SQL Server Query Writing Help Needed

  • Hi Cadavre,

    Thanks for helping with this request. What you have is almost exactly what i want. However, what i found that a lot of the accounts have last two rows [repcode] as the same with different current date. This is what i want, however, if the last two rows of the record has the same repcode starting with a Z or X or ending with XX, i want to go to the third to the last row to get the repcode.

    So, sorry, but i'm not able to organize in the post how you have it so i will do my best.

    AccountDim table

    Account # RepCode Currentdate

    12345678 LM01 2011-09-01

    12345678 LM02 2011-10-11

    12345678 XAB0 2011-10-25

    12345678 XAB0 2011-10-31

    AccountTable

    Account# RepCode CurrentDate

    12345678 XAB0 2011-10-31

    your query gives me result as such:

    Account# RepCodePR RepCodeCU CurrentDate

    12345678 XAB0 XAB0 2011-10-31

    How can i get this result?

    12345678 LM02 XAB0 2011-10-31

    please advise.

    Your help is most appreciated!

  • Paraphrasing here.

    You want the current info from Account, but you want the last record from Accountdim before the RepCode changed to what is in Account, correct?

  • ankita.patel01 81294 (11/3/2011)


    Hi Cadavre,

    Thanks for helping with this request.

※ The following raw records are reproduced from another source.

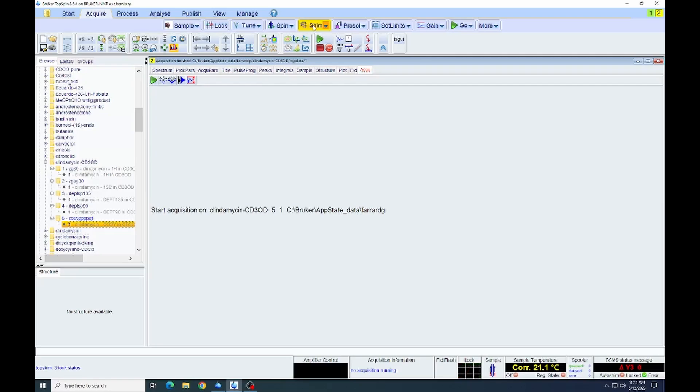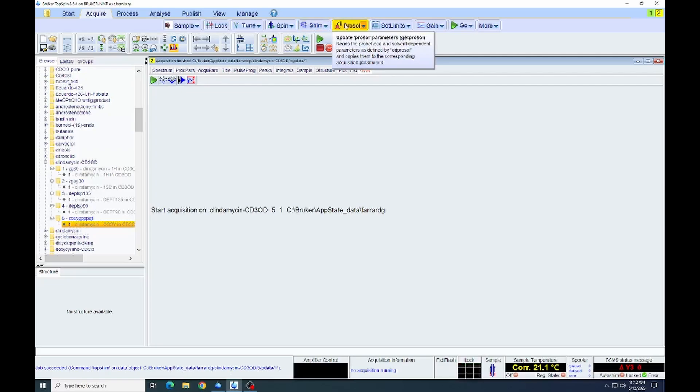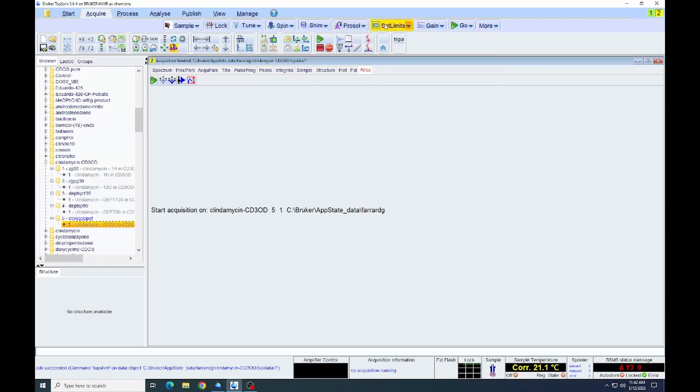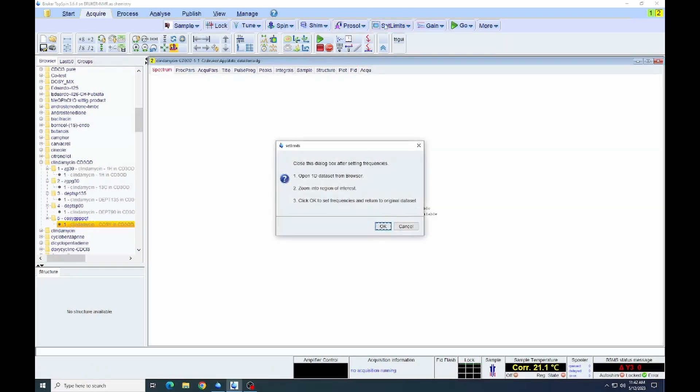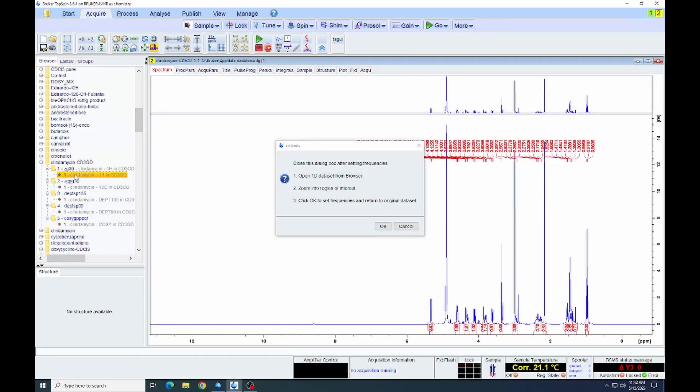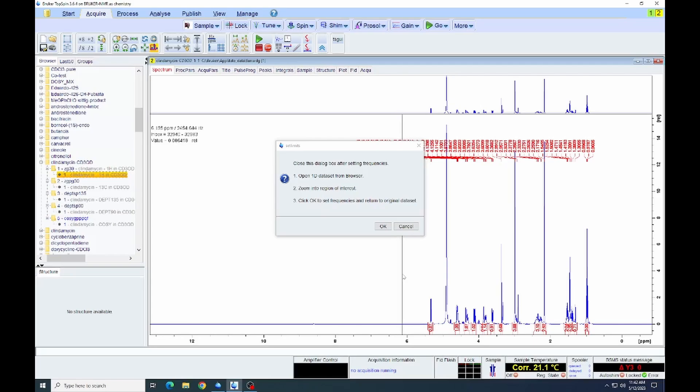With the shimming and tuning done, we will then need to set up some of our parameters. The default is to have a fairly large spectral window. We're going to narrow that down. We can do so by clicking on the set limits button. And when we click on that, it will tell us to select a 1D spectrum. Click OK or double click on the spectrum that we're going to choose. And we see the 1D spectrum. We will then zoom in on the area of interest, specifically the area where we have the peaks.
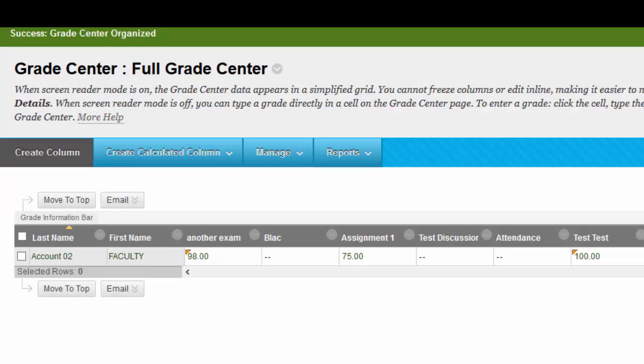Now we have gone over all the basics in Grade Center. There will be other videos to explain how to grade assignments, how to grade discussion boards, and how to do your weighted column. These subjects are getting their own videos because they're a little more in-depth, and I believe that this video would be way too long if we kept them around. Now, thanks for watching. Hope you enjoyed our video.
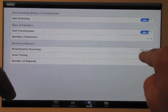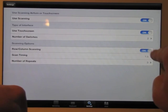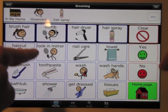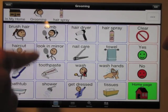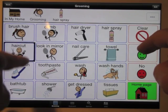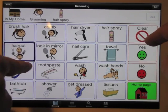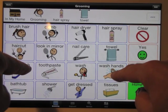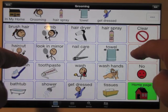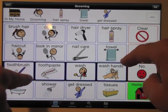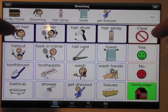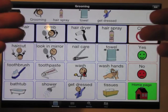Now let me put it on row column with two switches. Each time I hit the left side of the screen, it keeps going down — left side scan, right side select. So that's all there is to it. If I wanted to speak what's on the message bar: 'In my home,' 'Grooming,' 'Hairspray,' 'Towel,' 'Get dressed.' When you're using two switches, you're not using the automatic timer function — you manually move it from button to button by touching on the left side of the screen.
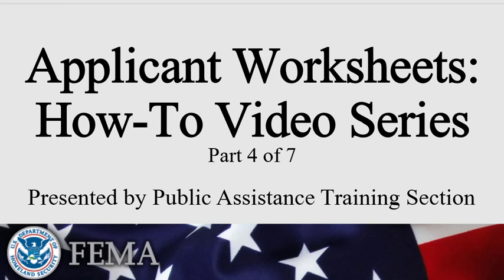Welcome to the Applicant Worksheets How-To Video Series, presented by FEMA's Public Assistance Training Section. In this series of seven videos, we explain where and how to obtain FEMA Public Assistance Applicant Worksheets, as well as how to record information accurately on six specific worksheets.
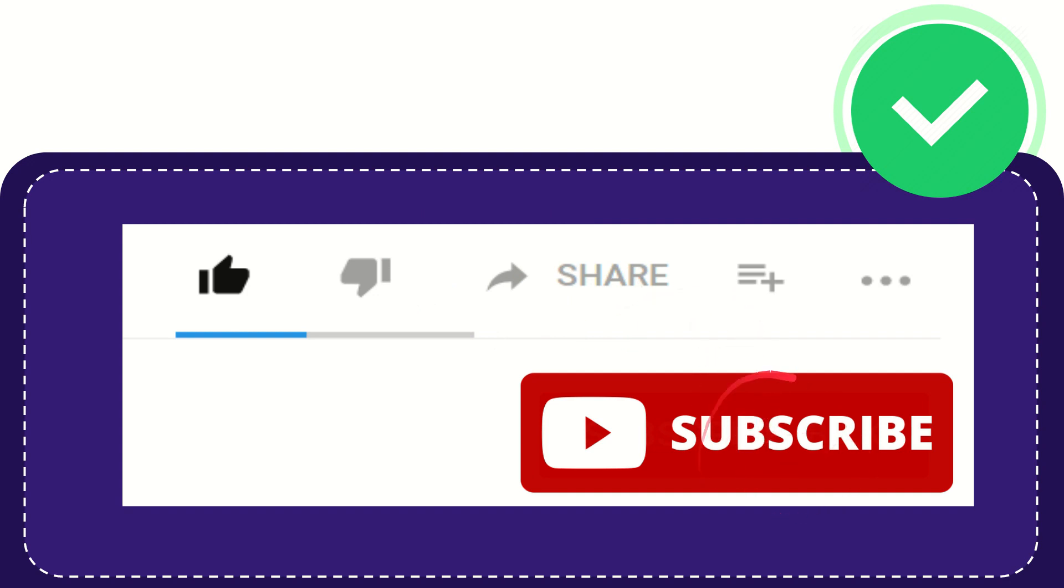Please click this subscribe button, and don't forget to like this video.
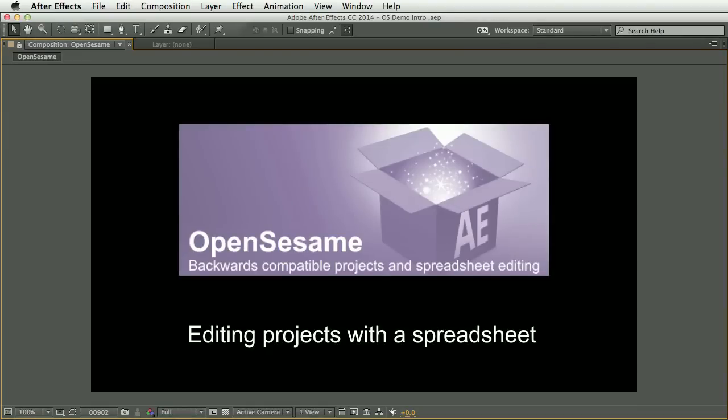This is Paul Tursley with a demo of OpenSesame version 1.5. In this video we're going to look at ways you can export parts of a project for external editing, such as in a text editor or spreadsheet.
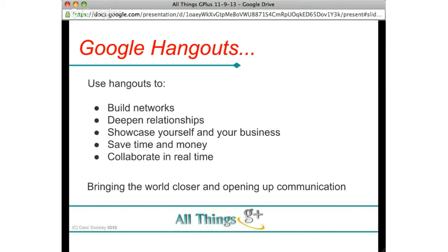You can use Hangouts on Air to build your networks. There are lots happening on Google Plus where people just hop in for a chat to get to know people. Google Plus themselves offer Hangouts where, if you're a newbie, you can ask Google Community Managers questions. You'll also find Google Rising Stars and Top Contributors there to help you feel comfortable on the platform. You can also use them to deepen relationships — if you've been text chatting with someone, say 'hey, let's hop onto a video and really talk to each other.'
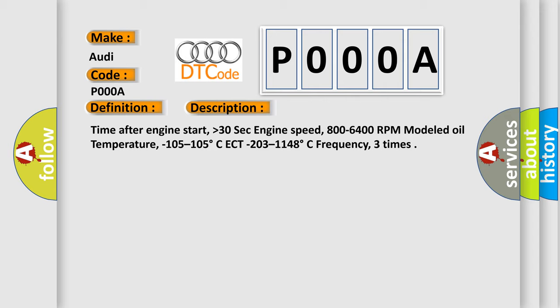Time after engine start higher than 30 seconds, engine speed 800 to 6400 RPM, modeled oil temperature minus 105 to 105 degrees Celsius, ECT minus 203 to 1148 degrees Celsius, frequency three times.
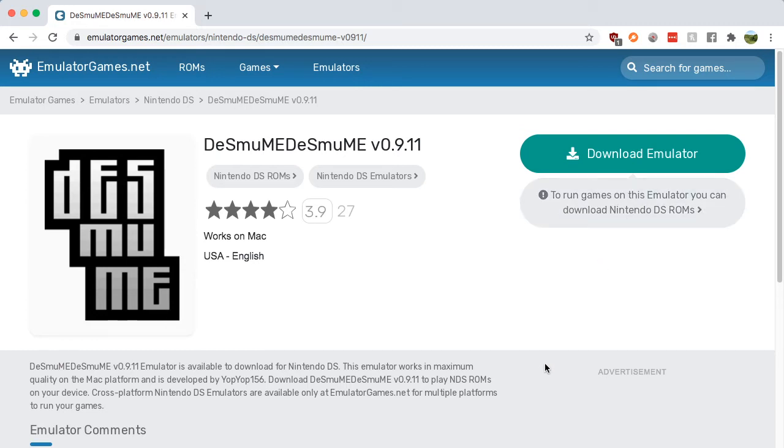You're going to have to download the ROM somewhere else, and I'll make a video about that later. But this is your chance to get into DS games.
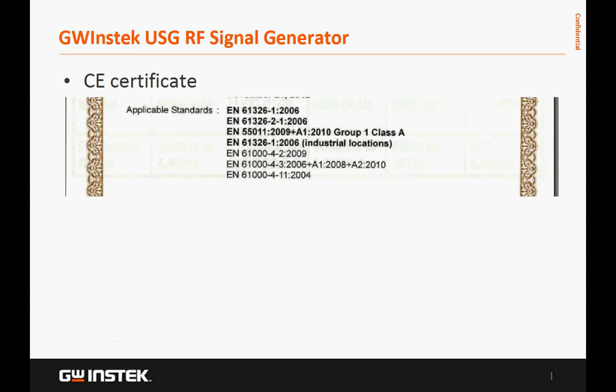The entire USG Series has passed CE verification and is certified. Both EMI radiation and conduction meet Class A standards, and EMS has passed the stricter test of the industrial level.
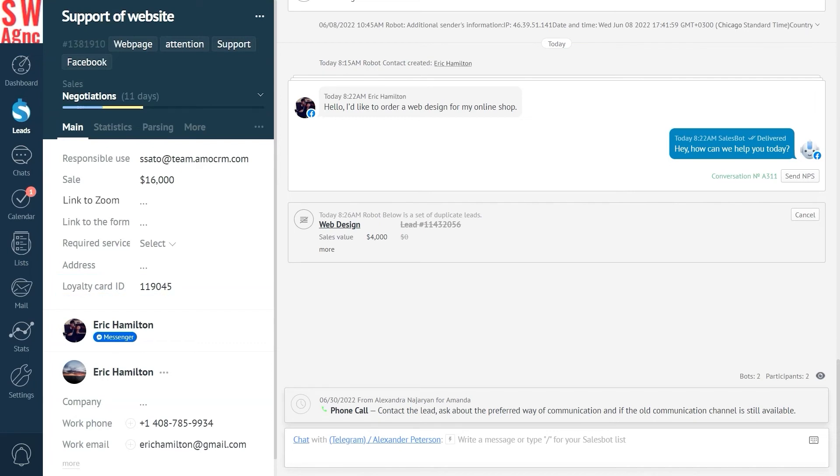As soon as the new lead enters the system, based on our setup rules, it will be merged automatically with an older lead already in the system. All new information will be added to this older lead. And that really is it.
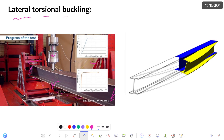Along with the deformation in the lateral direction, the beam starts to undergo rotation in the lateral direction. Whatever the tension flange tries to resist this lateral deformation and lateral rotation, the resistance offered by the tension flange is not enough to oppose the deformation and rotation, thereby causing the beam to undergo lateral deformation along with twisting. This is nothing but lateral torsional buckling.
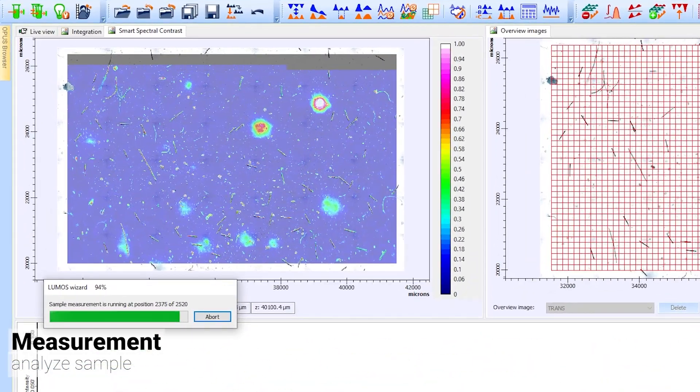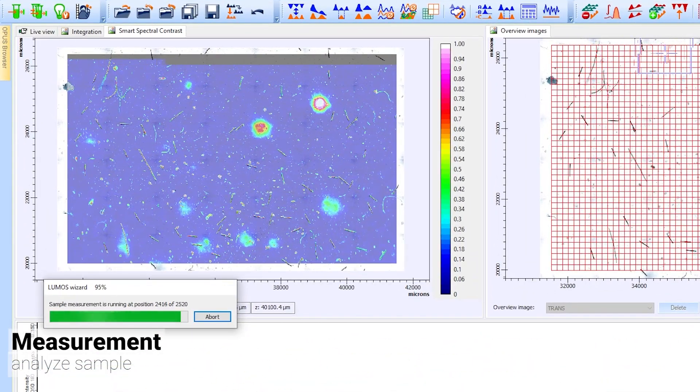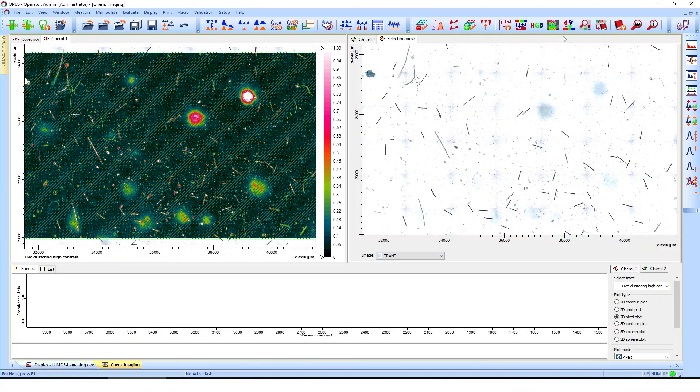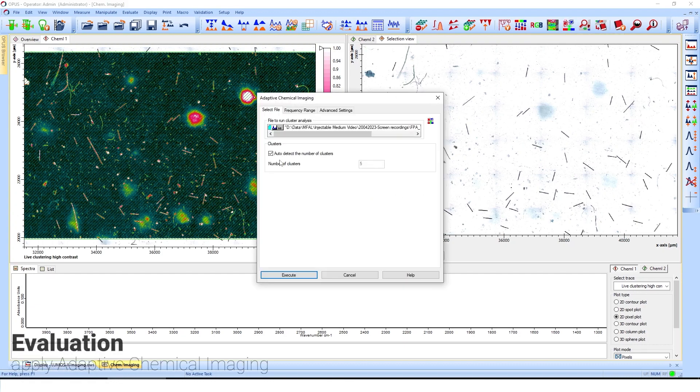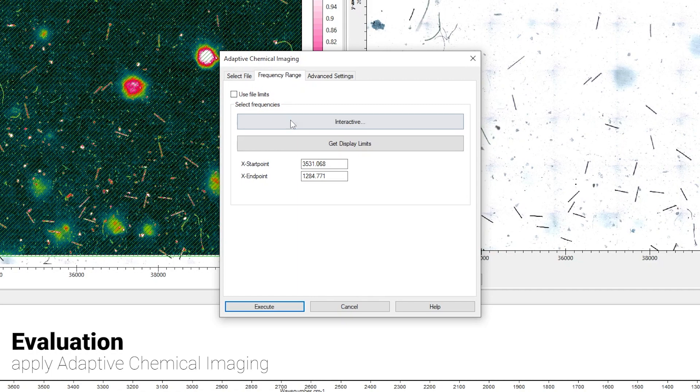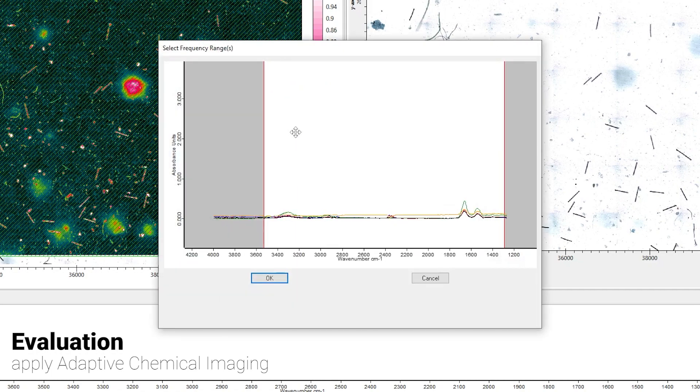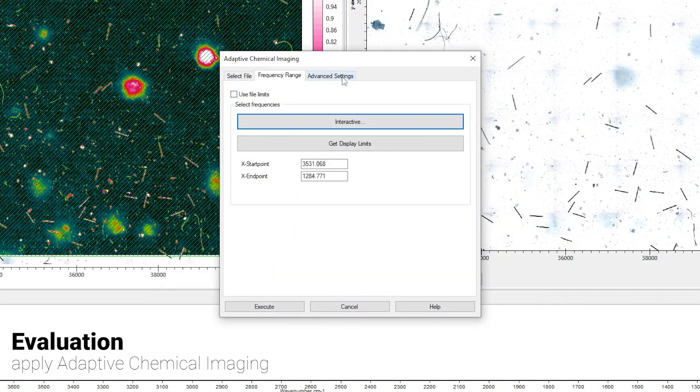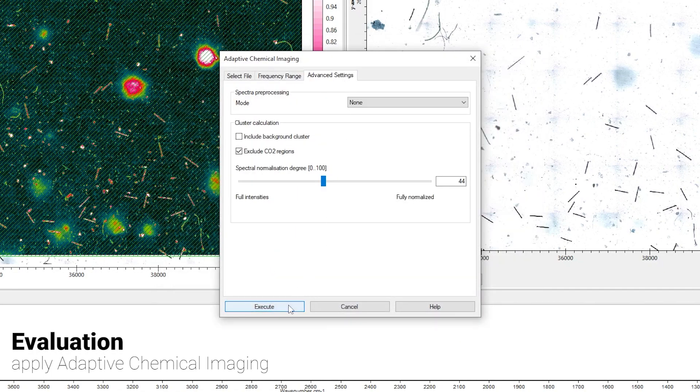Already, we can see particles popping up in bright colors. But it's not just the measurement that's getting smarter, the evaluation is too. Applying Bruker's AI-based adaptive chemical imaging will evaluate the complete sample area with a single click. It autonomously classifies IR spectra, making it easy to detect particulates or other contaminations.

What you have is almost exactly what i want. However, what i found that a lot of the accounts have last two rows [repcode] as the same with different current date. This is what i want, however, if the last two rows of the record has the same repcode starting with a Z or X or ending with XX, i want to go to the third to the last row to get the repcode.

    So, sorry, but i'm not able to organize in the post how you have it so i will do my best.

    Sorry, but I find it irritating enough when the requirements are "changed" during coding when I'm at work, there's no chance of me being able to handle it when I don't have to.

    As I said in my previous post, please read this article[/url] --> http://www.sqlservercentral.com/articles/Best+Practices/61537/[/url].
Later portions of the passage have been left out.